A few minor geographical puzzles remained after James Cook’s charting of the New Zealand coastline. They were not all solved by navigators or explorers; some were solved by Europeans who had sailed out of Sydney to catch seals or whales, or trade in timber and flax.
Island and peninsula
James Cook’s two main misconceptions about the coast of the South Island were corrected in the early 19th century. An American sealer, Owen F. Smith, discovered Foveaux Strait in 1804, disproving Cook’s idea that Stewart Island might be joined to the South Island. The existence of the strait was reported in Sydney in 1809 by Captain S. Chase of the Pegasus. In the same year, by trying to sail between what Cook had called Banks Island and the South Island’s east coast, Chase also discovered that the island was in fact a peninsula.
Far to the south
The sub-antarctic islands that are part of New Zealand’s territory were discovered both by British naval vessels, in the South Seas as a result of growing British imperial interest in the region, and by sealers and whalers. Captain William Bligh of the Bounty discovered the Bounty Islands in 1788, and Captain Henry Waterhouse of the Reliance located the Antipodes Islands in 1800. A whaling captain, Abraham Bristow, came upon the Auckland Islands in 1806, and a sealing captain, F. Hasselburgh, discovered Campbell Island in 1810.
Discovery and exploration
Early missionaries also contributed to growing knowledge about the New Zealand coast. On visits to New Zealand in 1814–15 and 1820, Samuel Marsden helped chart the Hokianga, Kaipara, Manukau and Waitematā harbours, and the Firth of Thames. Marsden also penetrated well inland. He stands at the point where the discovery and charting of the coastline develops into the exploration of the interior. Discovery and exploration overlapped in a continuous process.
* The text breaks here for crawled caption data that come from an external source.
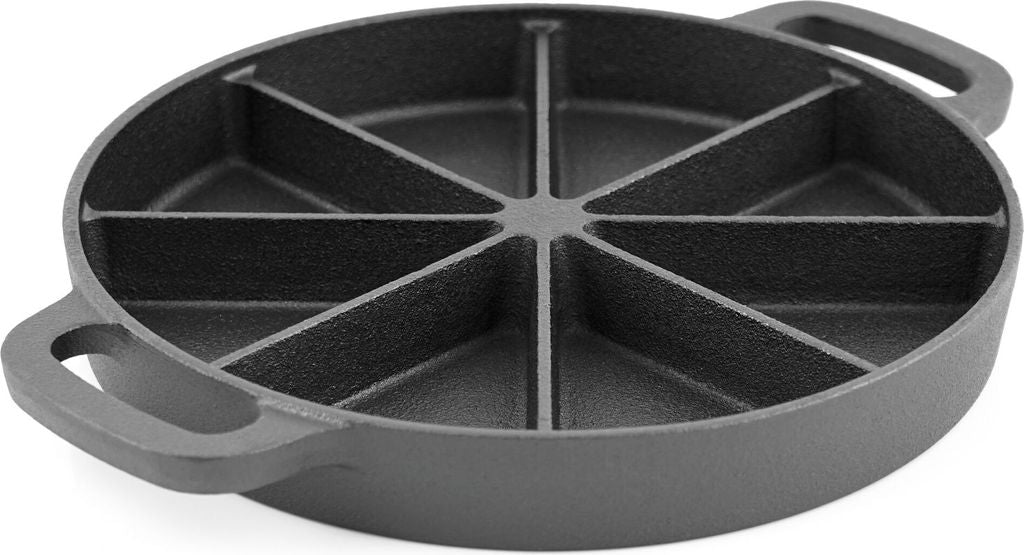 🔥 BBQ-Toro Gusseisen Grillpfanne mit 8 Zonen Ø 22,5 cm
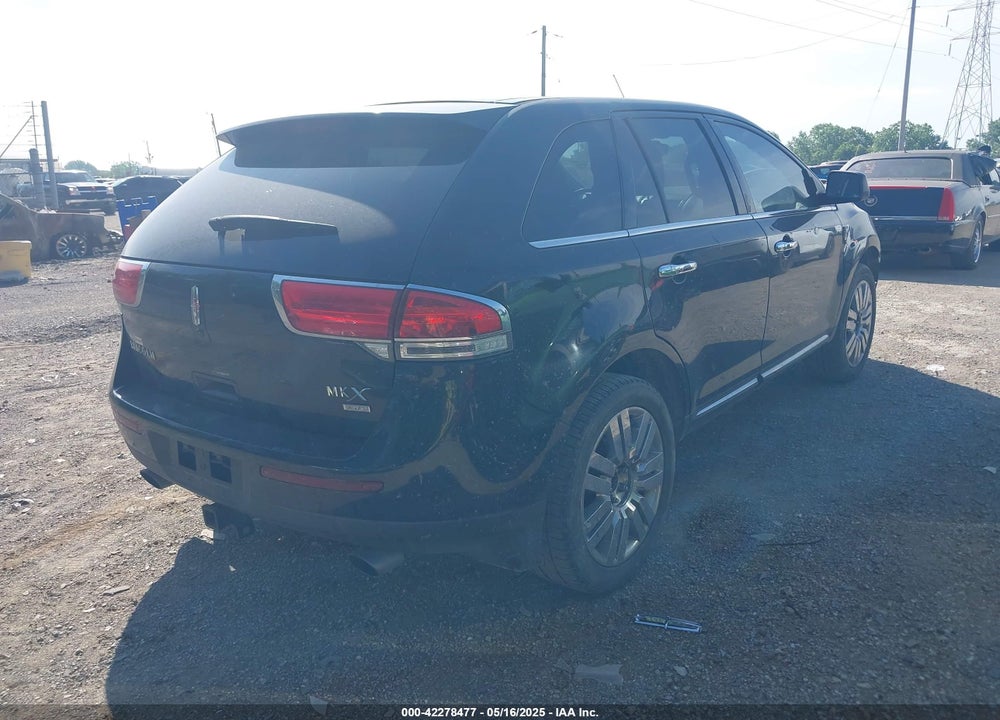 2011 LINCOLN MKX VIN: 2LMDJ8JK4BBJ11312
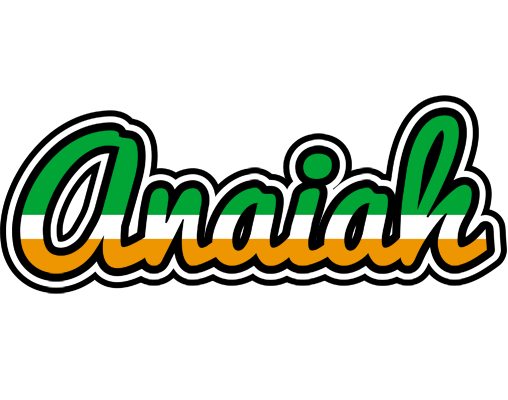 Anaiah ireland logo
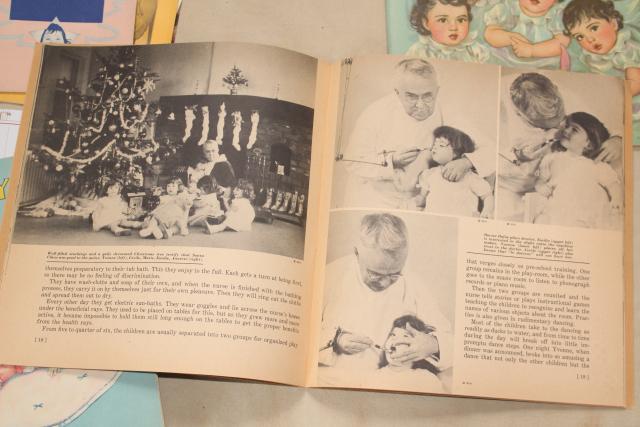 photo of collection Dionne Quintuplets Quints photos, books, vintage paper ephemera lot #4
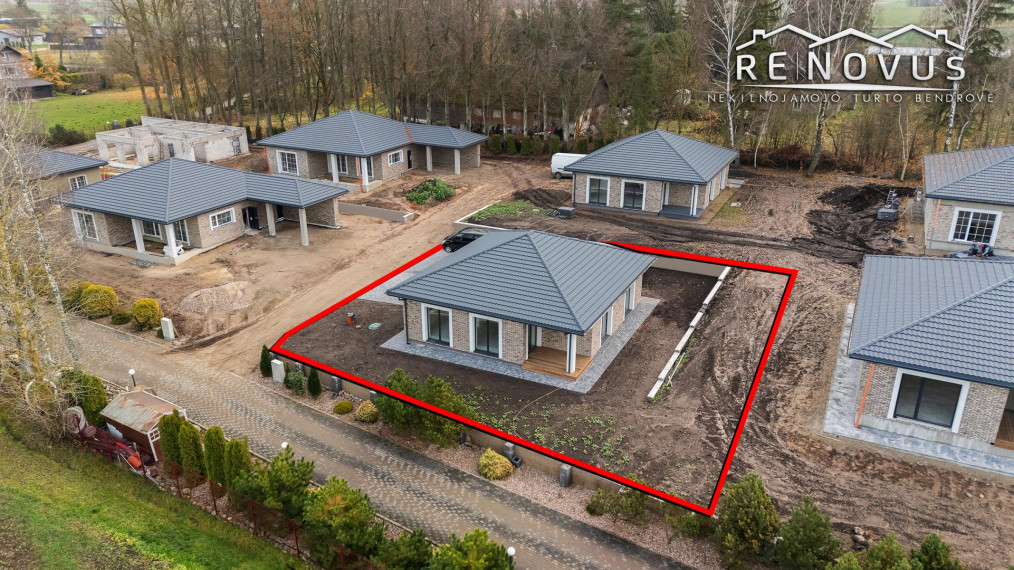 Parduodamas namas Nadruvių g., Lieporių k., Šiaulių r. sav., 97.89 m² ploto 4 kambariai 22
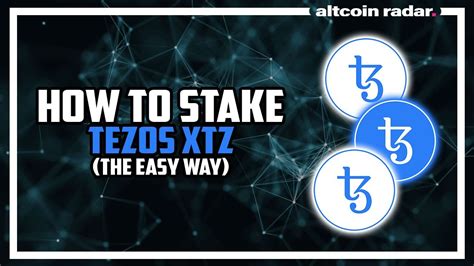Tezos (XTZ) Staking: Calculator, Yield, Rewards & APY .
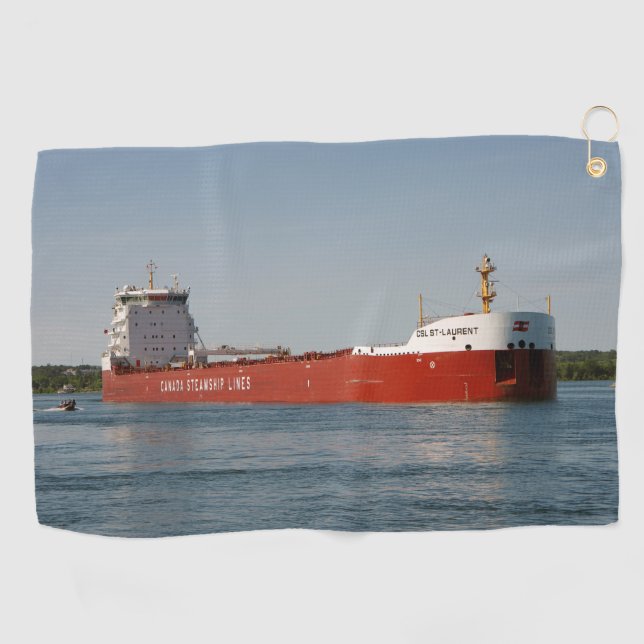 Toalla de golf CSL St. Laurent (Horizontal)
When the earliest attempt at organised settlement was made in 1826 by the first New Zealand Company, Captain James Herd contributed to knowledge of the coastline by charting Otago Harbour and Port Nicholson.
Whalers continued to make minor discoveries around the coast well into the 19th century. In September 1838 a whaler, John Guard, piloted the naval vessel Pelorus into the sound between Queen Charlotte Sound and Admiralty Bay. The sound was named after the ship.
The very last chapter in the European discovery of New Zealand was the detailed charting of its coasts between 1848 and 1855 by those aboard the British ships Acheron and Pandora. The completion of these surveys was followed by the publication in 1856 of the first New Zealand Pilot by the Hydrographic Office of the Admiralty. These charts remained the basis for navigation around much of New Zealand until well into the 20th century.
Honouring the navigators
While he was at Jackson Bay in 1851, Captain John Lort Stokes of the Acheron named New Zealand’s highest peak Mt Cook, after the greatest of New Zealand’s European discoverers. His example was followed by Canterbury’s explorer and geologist Julius von Haast, who named the second-highest peak Mt Tasman in 1862.
Subsequently, the name of another English explorer, William Dampier, was given to New Zealand’s third highest mountain (even though Dampier had never visited New Zealand). Two peaks near Mts Dampier and Cook were named in the later 19th century after Zachary Hicks, the second-in-command on Cook’s first voyage, and the French explorer, La Pérouse. In the mid-20th century the names of two more early navigators, Vancouver and Malaspina, were conferred by historically minded mountaineers on minor peaks on the ridge between Dampier and Tasman.
These commemorations were a fitting postscript to the story of the European discovery of New Zealand. Equally fitting, as a reminder that the land they ‘discovered’ had already been inhabited for several centuries by Māori, the country’s highest peak bears two official names: Aoraki and Mt Cook.